DIRECTIONS FOR THIS TASK =
Repeat exactly the stretch of lines that starts with the one containing "an old stone" and ends with the last line of the material. Leave out pictures.

SOURCE DATA =
=====

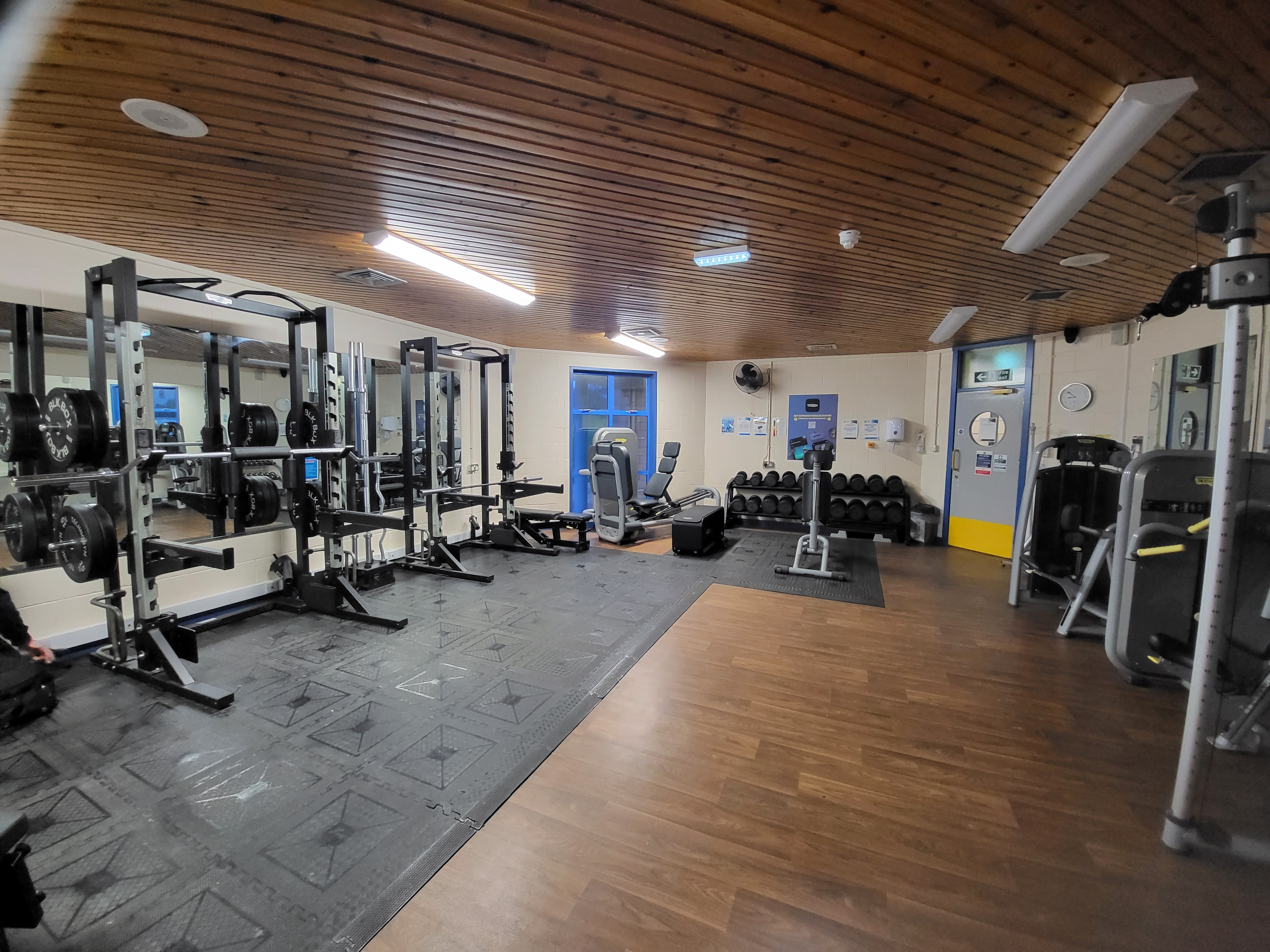 A strength training room with weight racks, barbells, dumbbells, and various gym machines arranged around the space. The room has a wooden ceiling, a mix of rubber and wood flooring, large mirrors on one wall, and a window providing natural light.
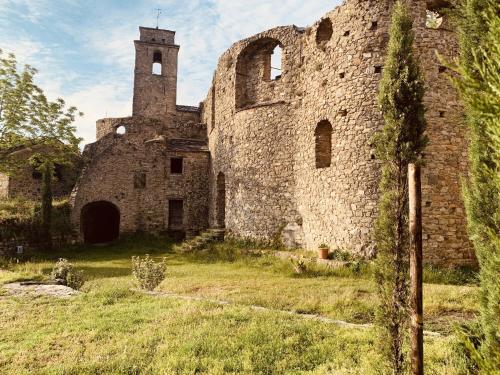 an old stone building with a tower in a field at Lover's Nest by Holiday World in Baiardo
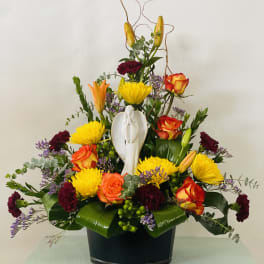 Colorful floral arrangement with roses, lilies, and a white angel figurine in a black container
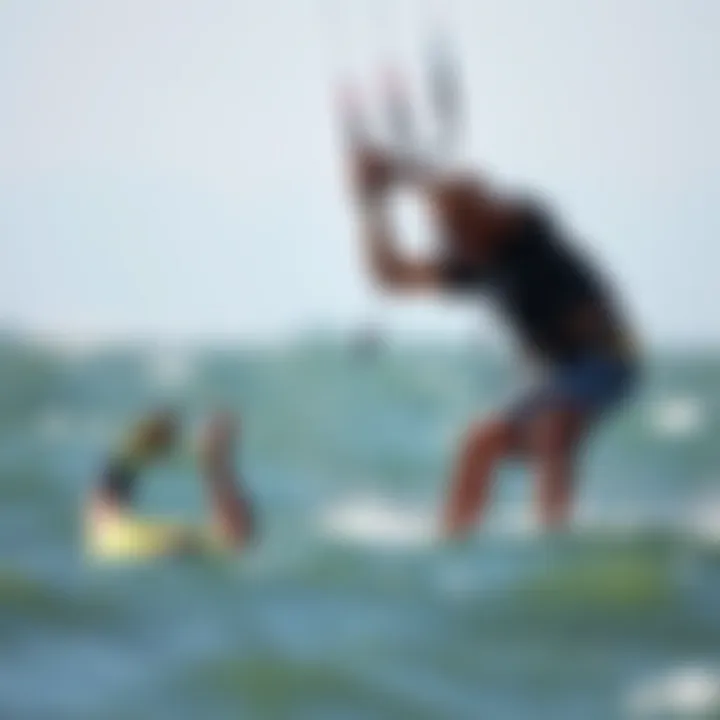 Instructor Demonstrating Backrolling Kiteboarding instructor demonstrating backrolling techniques on the water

=====

ANSWER FOR THE TASK =
 an old stone building with a tower in a field at Lover's Nest by Holiday World in Baiardo
 Colorful floral arrangement with roses, lilies, and a white angel figurine in a black container
 Instructor Demonstrating Backrolling Kiteboarding instructor demonstrating backrolling techniques on the water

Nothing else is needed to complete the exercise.